-- DATASET EXTRACT follows --

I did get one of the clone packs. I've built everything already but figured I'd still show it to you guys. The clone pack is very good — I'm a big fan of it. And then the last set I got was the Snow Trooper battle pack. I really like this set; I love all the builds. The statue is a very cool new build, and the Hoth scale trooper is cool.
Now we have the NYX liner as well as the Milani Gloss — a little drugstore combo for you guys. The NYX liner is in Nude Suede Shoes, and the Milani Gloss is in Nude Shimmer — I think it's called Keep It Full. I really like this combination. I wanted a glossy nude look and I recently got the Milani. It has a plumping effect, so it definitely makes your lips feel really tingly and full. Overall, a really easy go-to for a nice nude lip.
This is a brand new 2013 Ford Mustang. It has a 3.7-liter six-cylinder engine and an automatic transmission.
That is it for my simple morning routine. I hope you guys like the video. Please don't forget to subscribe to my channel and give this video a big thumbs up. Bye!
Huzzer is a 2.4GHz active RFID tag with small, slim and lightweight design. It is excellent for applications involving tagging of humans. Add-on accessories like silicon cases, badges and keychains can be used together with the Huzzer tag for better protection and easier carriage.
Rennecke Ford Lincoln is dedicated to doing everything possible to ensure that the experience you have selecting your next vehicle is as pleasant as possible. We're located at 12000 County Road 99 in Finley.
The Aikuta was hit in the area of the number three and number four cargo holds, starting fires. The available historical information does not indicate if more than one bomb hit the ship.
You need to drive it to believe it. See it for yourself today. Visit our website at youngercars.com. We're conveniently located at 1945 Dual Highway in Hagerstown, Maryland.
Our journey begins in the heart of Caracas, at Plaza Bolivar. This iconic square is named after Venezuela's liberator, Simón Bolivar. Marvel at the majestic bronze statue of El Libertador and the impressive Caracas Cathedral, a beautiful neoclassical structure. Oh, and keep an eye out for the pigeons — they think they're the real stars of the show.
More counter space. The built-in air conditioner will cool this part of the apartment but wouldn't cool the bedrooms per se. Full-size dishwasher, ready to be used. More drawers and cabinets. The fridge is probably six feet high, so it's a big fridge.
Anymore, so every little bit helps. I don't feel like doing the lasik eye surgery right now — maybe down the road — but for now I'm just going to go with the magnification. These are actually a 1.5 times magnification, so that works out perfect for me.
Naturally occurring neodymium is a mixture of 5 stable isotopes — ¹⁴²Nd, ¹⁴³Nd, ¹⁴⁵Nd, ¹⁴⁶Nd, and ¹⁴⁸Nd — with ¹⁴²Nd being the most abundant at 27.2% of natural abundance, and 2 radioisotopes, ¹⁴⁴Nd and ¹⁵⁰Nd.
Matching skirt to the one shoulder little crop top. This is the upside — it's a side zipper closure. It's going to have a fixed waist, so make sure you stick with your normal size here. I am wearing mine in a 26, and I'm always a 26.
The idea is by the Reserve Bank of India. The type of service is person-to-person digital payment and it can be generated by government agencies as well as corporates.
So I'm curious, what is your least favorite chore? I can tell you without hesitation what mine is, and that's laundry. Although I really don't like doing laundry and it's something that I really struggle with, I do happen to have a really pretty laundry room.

-- DATASET EXTRACT concluded --

■ TASK TO COMPLETE: Whenever a line above has the word "little" in it, copy that line.

■ WRITTEN SOLUTION:
Now we have the NYX liner as well as the Milani Gloss — a little drugstore combo for you guys. The NYX liner is in Nude Suede Shoes, and the Milani Gloss is in Nude Shimmer — I think it's called Keep It Full. I really like this combination. I wanted a glossy nude look and I recently got the Milani. It has a plumping effect, so it definitely makes your lips feel really tingly and full. Overall, a really easy go-to for a nice nude lip.
Anymore, so every little bit helps. I don't feel like doing the lasik eye surgery right now — maybe down the road — but for now I'm just going to go with the magnification. These are actually a 1.5 times magnification, so that works out perfect for me.
Matching skirt to the one shoulder little crop top. This is the upside — it's a side zipper closure. It's going to have a fixed waist, so make sure you stick with your normal size here. I am wearing mine in a 26, and I'm always a 26.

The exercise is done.